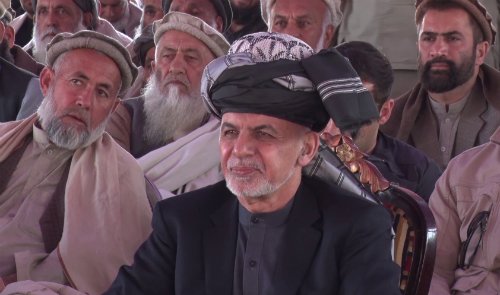 اشرف غني: حکومت حاضر دی چې دننه هېواد کې طالبانو ته دفتر پرانیزي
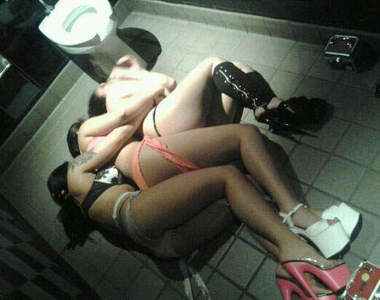 《脫衣舞俱樂部》後台照 女孩也可以玩很大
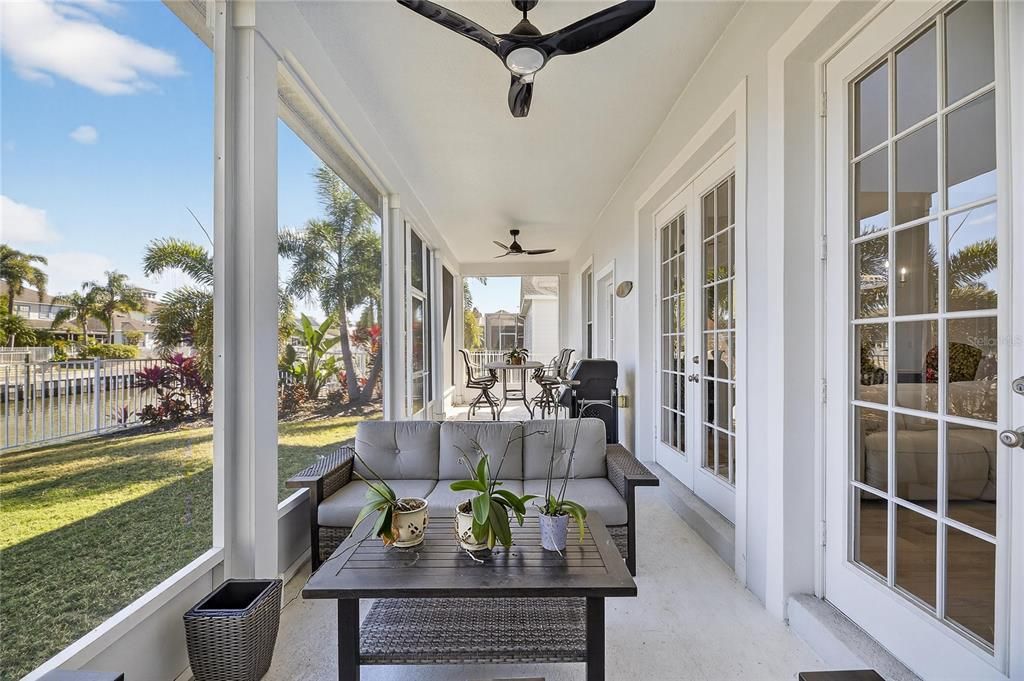 En Venta: $1,225,000 (4 camas, 3 baños, 3463 Pies cuadrados)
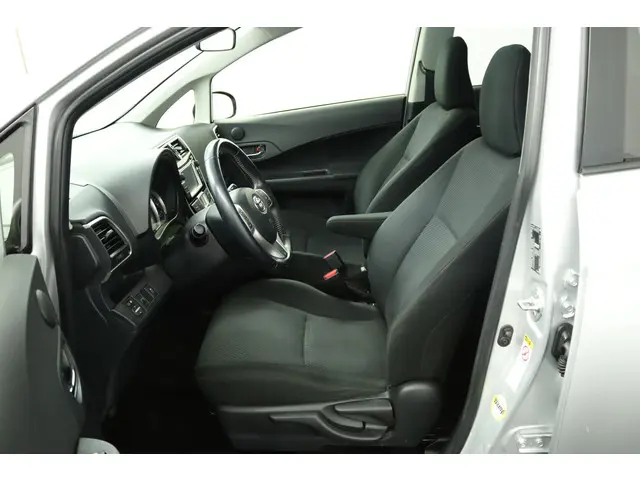 Toyota Verso-S 1.3 VVT-i Trend 2015 Benzine 17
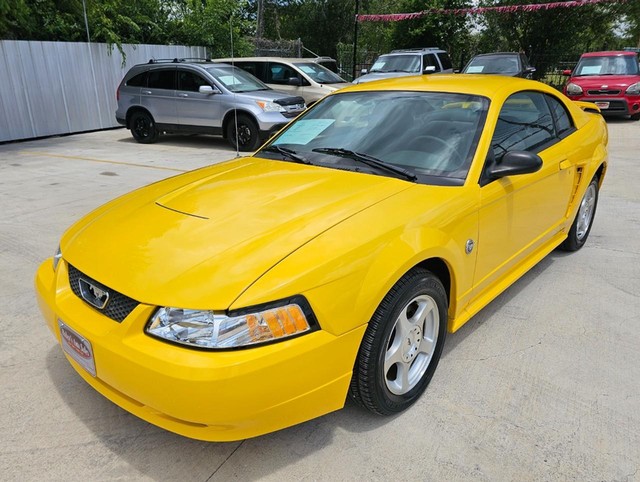 more details - ford mustang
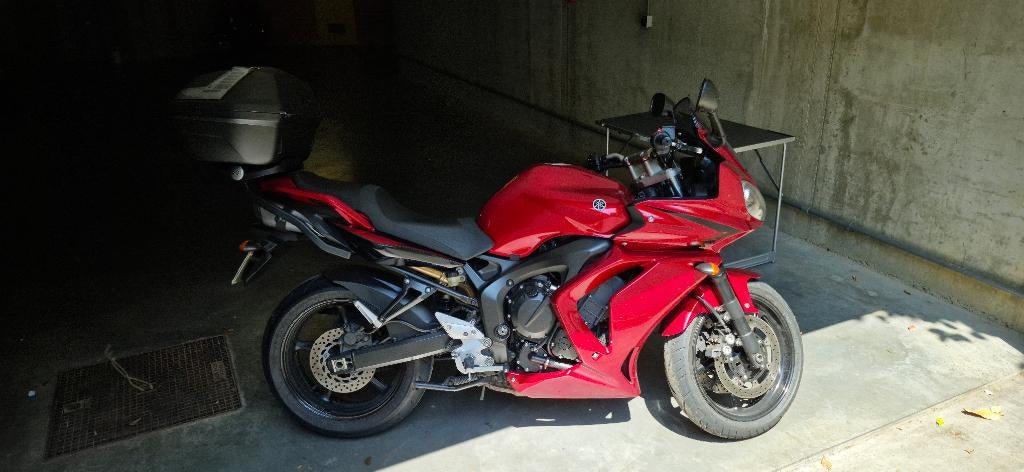 Yamaha fz6 2008, Motos, Motos | Yamaha, Particulier, Naked bike, plus de 35 kW, 4 cylindres, Permis Moto A, Enlèvement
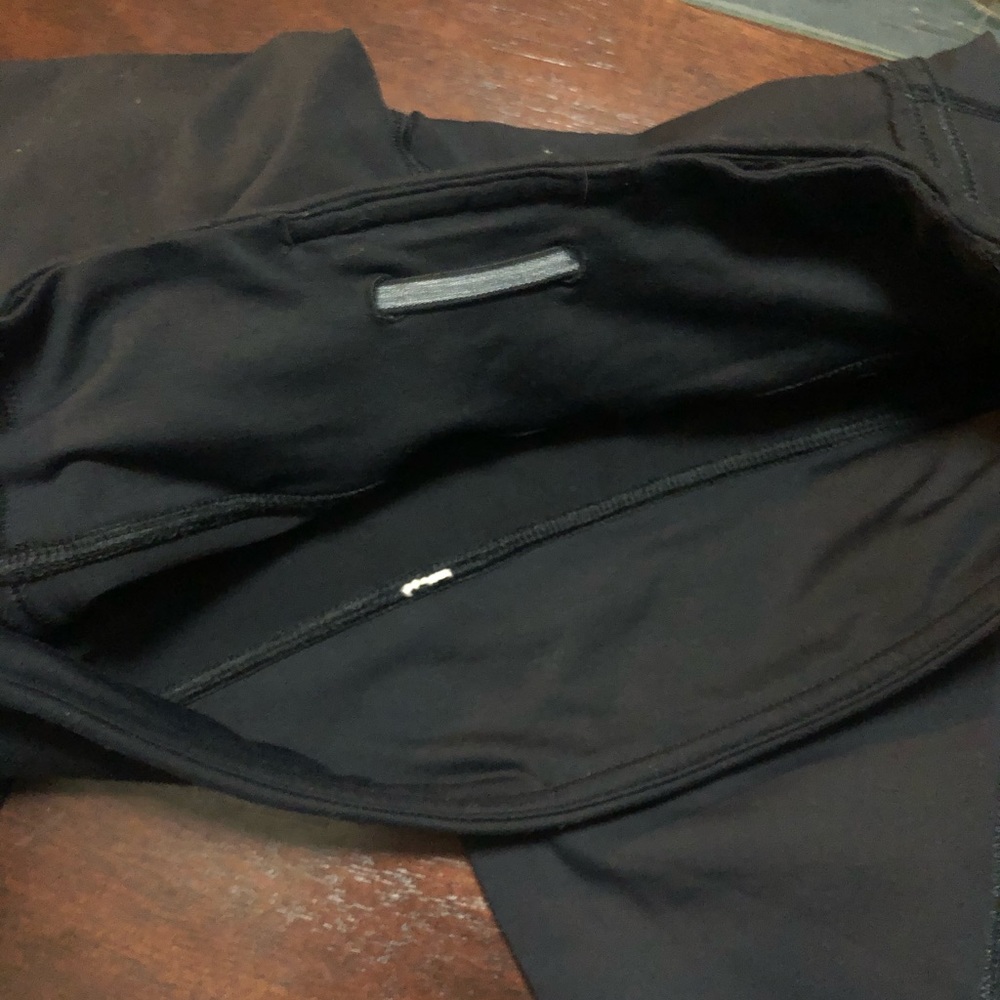 Lululemon - Picture 5 of 5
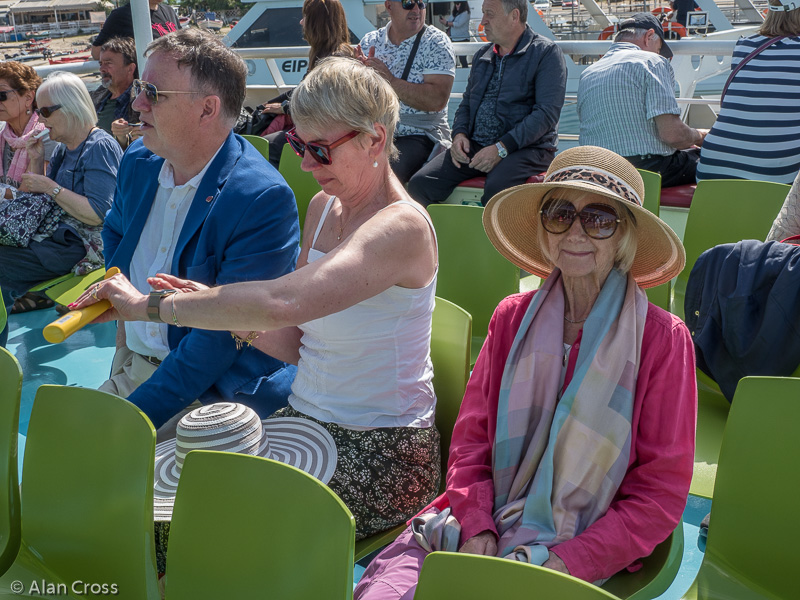 18 May: OLYMPUS DIGITAL CAMERA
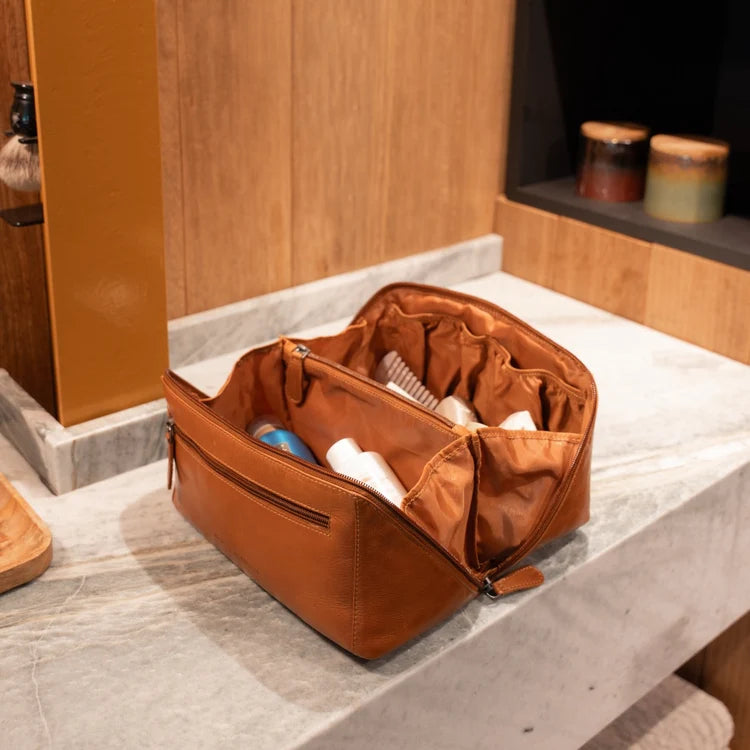The Chesterfield Brand Elmia Toiletry Bag, Cognac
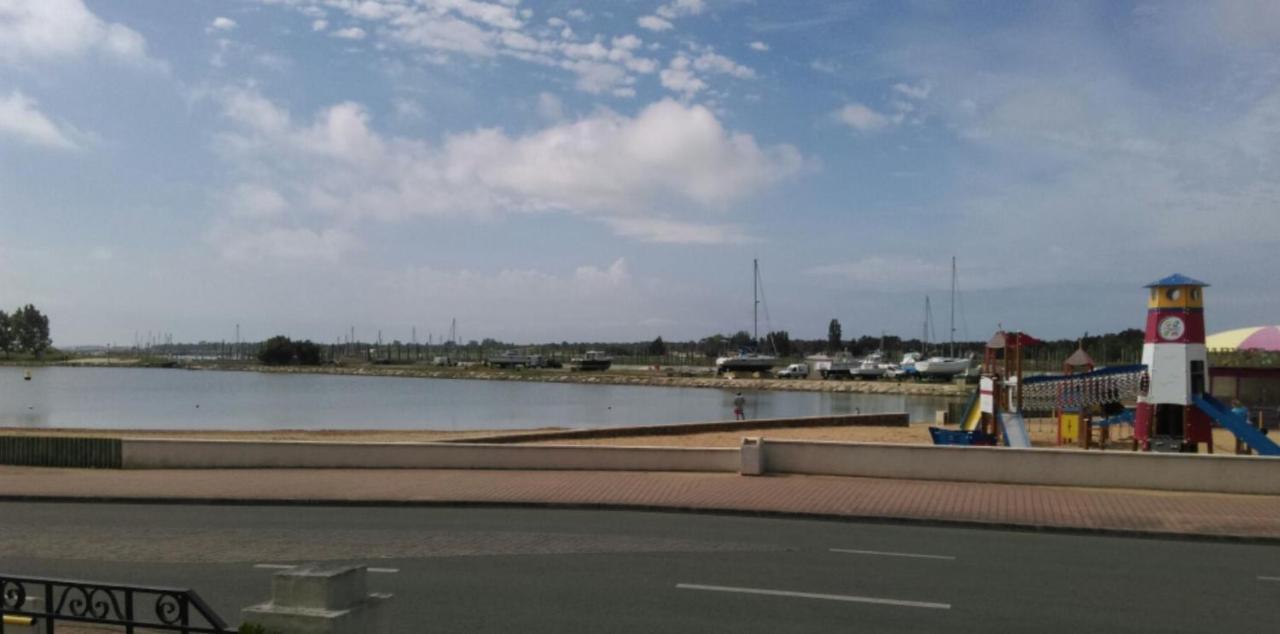 Maison De Vacances Face Plan D'Eau Classee La Faute-sur-Mer Bagian luar foto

◆ ◆ ◆

▶ **WHAT YOU WILL DO**:
Output the material above word for word. Leave out its images.

▶ **PROBLEM SOLUTION**:
 اشرف غني: حکومت حاضر دی چې دننه هېواد کې طالبانو ته دفتر پرانیزي
 《脫衣舞俱樂部》後台照 女孩也可以玩很大
 En Venta: $1,225,000 (4 camas, 3 baños, 3463 Pies cuadrados)
 Toyota Verso-S 1.3 VVT-i Trend 2015 Benzine 17
 more details - ford mustang
 Yamaha fz6 2008, Motos, Motos | Yamaha, Particulier, Naked bike, plus de 35 kW, 4 cylindres, Permis Moto A, Enlèvement
 Lululemon - Picture 5 of 5
 18 May: OLYMPUS DIGITAL CAMERA
The Chesterfield Brand Elmia Toiletry Bag, Cognac
 Maison De Vacances Face Plan D'Eau Classee La Faute-sur-Mer Bagian luar foto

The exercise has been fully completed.